From the line containing "Lomé, Maritime Acheter" to the line containing "The Earth, Spring’s Daughter / Saivo" in the entries below, reproduce every line exactly, ends included. Nothing else belongs in the copy, and no pictures.

- [Record extracts]
——————
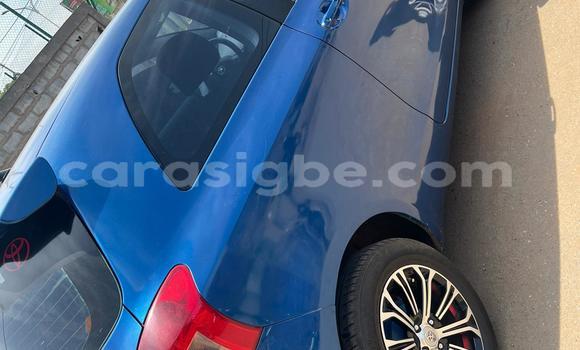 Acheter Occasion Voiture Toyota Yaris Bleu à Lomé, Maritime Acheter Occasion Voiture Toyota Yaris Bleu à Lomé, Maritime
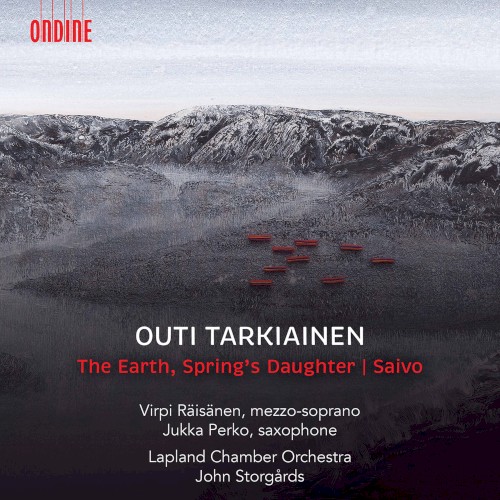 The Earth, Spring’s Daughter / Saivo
——————
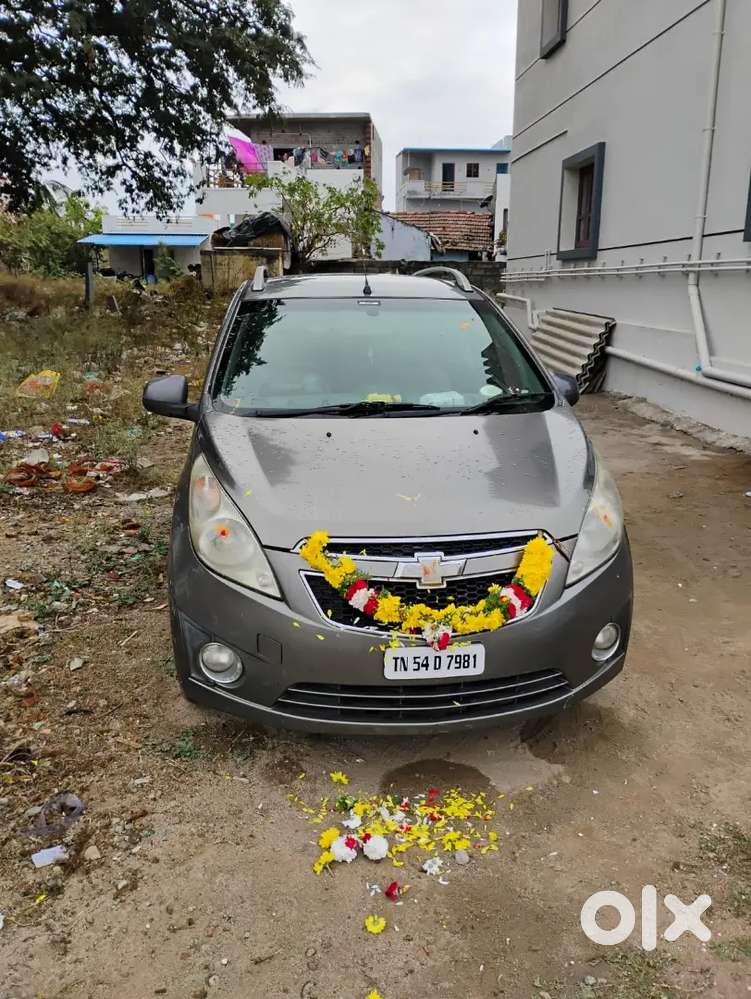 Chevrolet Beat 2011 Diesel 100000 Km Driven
——————
- [Answer below]
 Acheter Occasion Voiture Toyota Yaris Bleu à Lomé, Maritime Acheter Occasion Voiture Toyota Yaris Bleu à Lomé, Maritime
 The Earth, Spring’s Daughter / Saivo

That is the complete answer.